Each line below from the one containing "Frost Glow Cosmetics" through the one containing "corridor featuring light wood-type flooring" should be output exactly as it stands, and no other line should appear.
Material provided START
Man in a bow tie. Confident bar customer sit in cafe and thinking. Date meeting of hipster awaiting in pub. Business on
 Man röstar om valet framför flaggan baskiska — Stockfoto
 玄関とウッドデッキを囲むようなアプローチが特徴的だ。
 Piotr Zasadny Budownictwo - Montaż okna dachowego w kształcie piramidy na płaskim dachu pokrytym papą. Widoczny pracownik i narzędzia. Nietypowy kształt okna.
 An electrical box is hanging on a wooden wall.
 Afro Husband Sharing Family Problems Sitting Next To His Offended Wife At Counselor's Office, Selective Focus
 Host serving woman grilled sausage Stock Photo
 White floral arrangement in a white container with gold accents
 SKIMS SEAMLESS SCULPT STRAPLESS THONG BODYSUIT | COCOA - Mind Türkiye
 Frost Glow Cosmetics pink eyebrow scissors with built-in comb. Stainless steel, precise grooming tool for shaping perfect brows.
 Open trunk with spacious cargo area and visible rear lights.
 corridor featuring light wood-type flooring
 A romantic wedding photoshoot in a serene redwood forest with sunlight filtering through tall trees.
Material provided END
### Solution below
 Frost Glow Cosmetics pink eyebrow scissors with built-in comb. Stainless steel, precise grooming tool for shaping perfect brows.
 Open trunk with spacious cargo area and visible rear lights.
 corridor featuring light wood-type flooring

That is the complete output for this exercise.